The fate of the anti-austerity programme and defiance of the International Monetary Fund and the European Bank by popular leftist Greek socialists demonstrated that. The current overruling of the Polish parliamentary programme of legal reform by the EU demonstrates that, whatever the wrongs and rights of that legislation, any idea of a national parliament doing anything outside the dictates of the EU commissioners will hit a brick wall. Those such as Bruno who seem to think that a pro-EU Corbyn would squash the referendum result and then implement his wide-ranging programme of nationalisations, state subsidies and public service financing just do not see how utterly contradictory those objectives are. The EU will simply not allow such a programme to be enacted, as it would be against the spirit and intention of EU trading rules.

The drawing of the Churchillian dog in the Union Jack waistcoat illustrating Mike Macnair’s article (‘Labour tails Tory rebels’, December 21), on a different subject, is perhaps the way in which Bruno and the liberal pro-EU left see ‘out’ voters. Reality in our neck of the woods, however, is radically different. It is not necessary here to try and explain again to southern-based leftists the reason why solidly proletarian, militant trade unionist and rock-hard Labour-voting constituencies in the former industrial heartlands voted for ‘leave’ by up to a two-thirds majority, but it has nothing to do with that wretched flag or memories of ‘empire’ or xenophobia. It has everything to do with sticking two fingers up to the ruling class and liberal consensus on what they have decided is good for us. We have had a lifetime of that and ended up on the rust pile with the industries we worked in. Bruno will not understand this, but the anti-EU vote in the traditional working class heartlands was a class response to what was seen as yet another ruling class manoeuvre to shaft us again.
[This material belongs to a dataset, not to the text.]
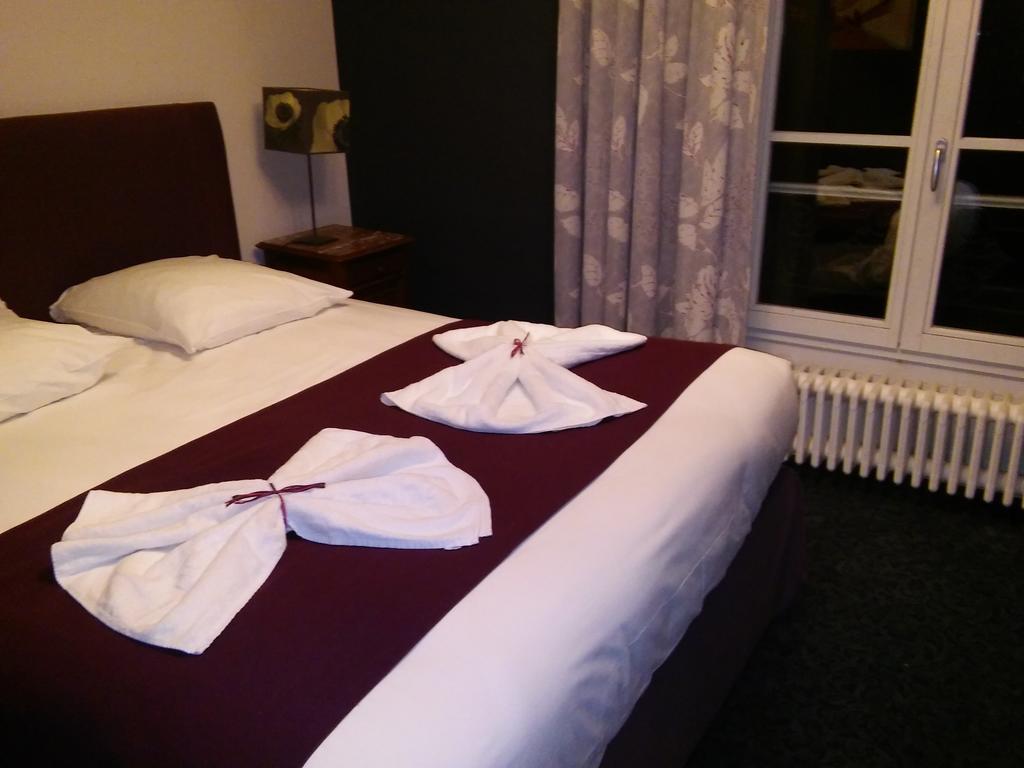 Homtel Le Parc Hotel Allevard Room photo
The very rare exposure of a solidly working class audience in Barnsley on a recent BBC Question time showed without question what that audience thought about vacillation on withdrawal from the EU. The audience was keen to tell its Labour representatives on the panel not to “stab us in the back”.

Bruno’s advice to Labour to come out loud and clear for staying in the EU and squash the referendum result would be the kiss of death. Having had what seemed to be assurances from Labour that it would respect the withdrawal vote, with all that meant in terms of the single market and EU regulations, those areas swung back behind Jeremy Corbyn and returned to the Labour fold. Those who passionately believed in withdrawal got out on the knocker and round the streets in a new push for Labour. This happened nationwide and the real social issues confronting folk came back to the fore, while the Tories loomed large in their sights again.

Sadly, since that time, the ‘line’ on the EU has wavered, with too many front-bench spokespersons pushing something less than leaving and something a lot more like actually staying. This has set loose despondency and disillusionment in the northern, traditional Labour constituencies once again. It is the classic snatching of defeat from the jaws of victory. These areas will cut their wrists before they would vote Tory, and Ukip is a non-runner, so we will be looking at mass Labour abstentions and, despite everything which has happened, another Tory victory.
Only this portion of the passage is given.